WORLD NEWS

Trump signs order to curb counterfeits from online platforms

Published on: 5th April 2019

The White House aims to gather more data on how widespread the problem is and who is to blame.

President Donald Trump put Amazon, eBay and Alibaba and other online marketplaces on notice Wednesday, signing a memorandum that aims to curb the sale of counterfeit items online.

“This is a shot across the bow to those companies. If you don’t clean it up, then the government will,” Trump’s trade advisor, Peter Navarro, told reporters.

The effort comes as major online marketplaces struggle to control the sale of fake products from third-party vendors. Peter said the White House will aim to gather more data on how widespread the problem is and who is to blame.

The administration will require a report within 210 days from the Departments of Homeland Security, Commerce and Justice, according to the memorandum. It will analyse how widespread the problem is and how effective current responses are, while recommending potential regulatory or legislative changes to better combat the sale of fake goods.
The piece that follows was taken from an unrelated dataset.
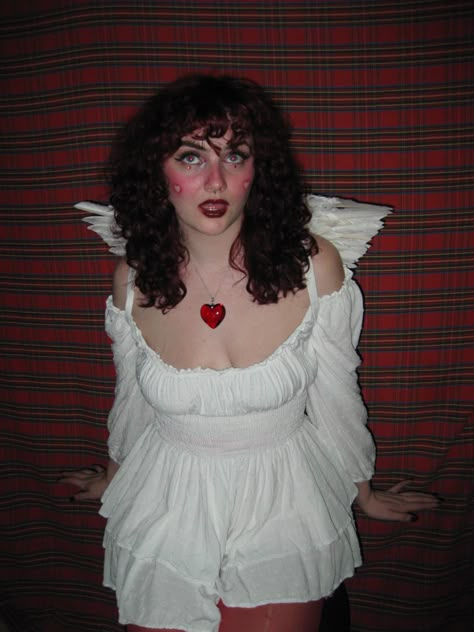 photo by @mymiscmedia on ig 90s inspired angel halloween costume princess polly romper cupid photoshoot 90s Fashion Halloween Costumes, Plus Size Cupid Costume, Cupid Halloween Costume Aesthetic, Cupid Aesthetic Costume, Vintage Cupid Costume, Cute Cupid Halloween Costume, Cupid Outfit Costumes, Cupid Female Costume, Female Cupid Costume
In a Wall Street Journal op-ed published on Wednesday, Peter said Trump’s measure instructs the Department of Homeland Security to coordinate with federal law-enforcement agencies working to combat counterfeiting. While Navarro did not give many specific details about how the White House would address the counterfeit problem, the memorandum serves as a warning to e-commerce companies.

In justifying the action, Peter cited part of a 2018 Government Accountability Office report showing widespread issues with counterfeiting. The agency’s investigators purchased brand name products from third-party vendors on sites such as Amazon, Walmart.com, Sears, Newegg.com and eBay and found 40% of the goods were fake.

“Our goal is to rightly shift the burden of trafficking to the supply chain and third party online marketplaces and intermediaries that right now are blanketing this country with dangerous products that cheat consumers out of billions of dollars a year,” Peter said.

Peter has denied that the memorandum had anything to do with the ongoing trade talks between the US and China, where another of the world’s biggest third party sellers, Alibaba, is based. He also denied that the measure, which targets Amazon, was in any way connected to Trump’s oft-stated disdain for Amazon CEO Jeff Bezos, who also owns The Washington Post, an outlet that has reported extensively on Trump’s overseas businesses and the Mueller probe.